The answer should hold every line of the listing, unchanged and free of images.

Data for the task:
┄┄┄┄┄┄┄┄┄┄
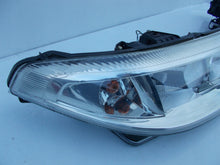 Laden Sie das Bild in den Galerie-Viewer, Frontscheinwerfer Renault Laguna II 8200002845 LED Ein Satz Headlight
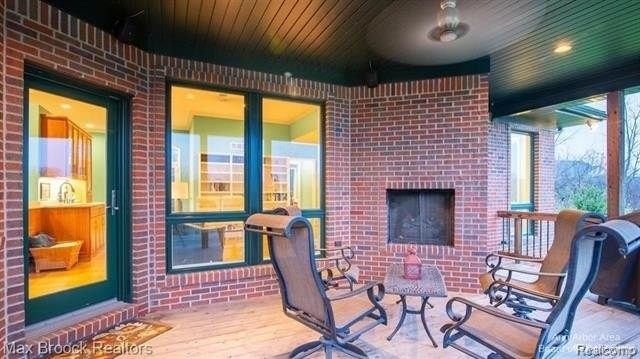 3520 Blue Heron Ct - Photo 2 of 13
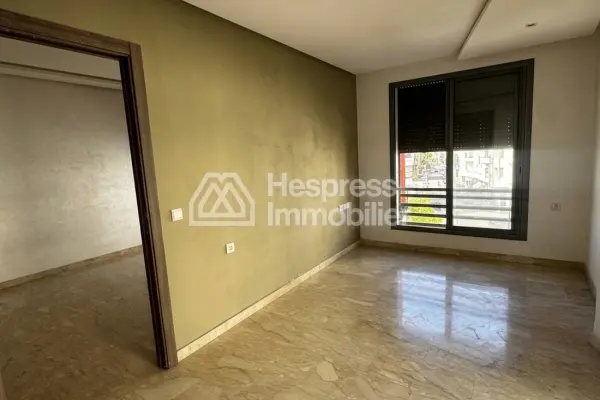 شقة للإيجار في بالمييه . غرفة نوم واحدة. باب أمان ونوافذ زجاجية مزدوجة.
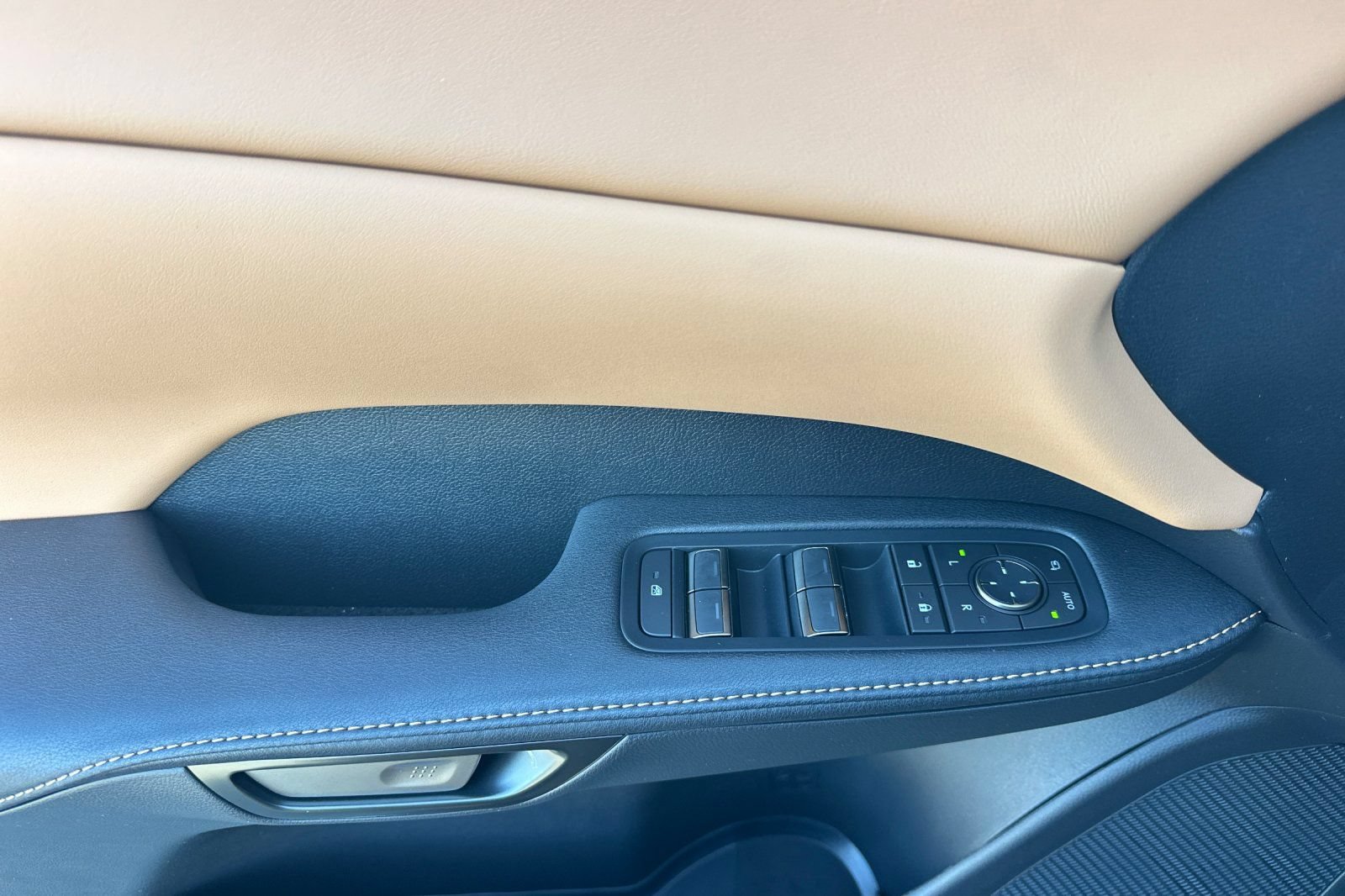 New 2026 Lexus RX 350 FWD image 8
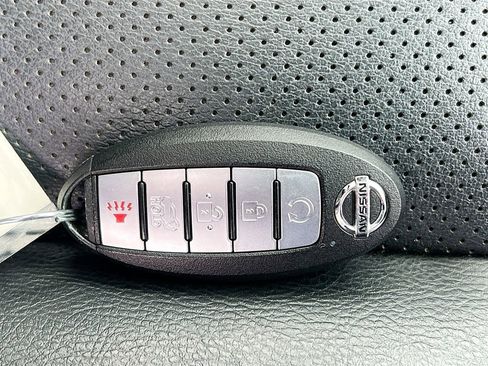 Used 2020 Nissan Murano SL w/ Moonroof Package image 37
┄┄┄┄┄┄┄┄┄┄
Written answer:
 Laden Sie das Bild in den Galerie-Viewer, Frontscheinwerfer Renault Laguna II 8200002845 LED Ein Satz Headlight
 3520 Blue Heron Ct - Photo 2 of 13
 شقة للإيجار في بالمييه . غرفة نوم واحدة. باب أمان ونوافذ زجاجية مزدوجة.
 New 2026 Lexus RX 350 FWD image 8
 Used 2020 Nissan Murano SL w/ Moonroof Package image 37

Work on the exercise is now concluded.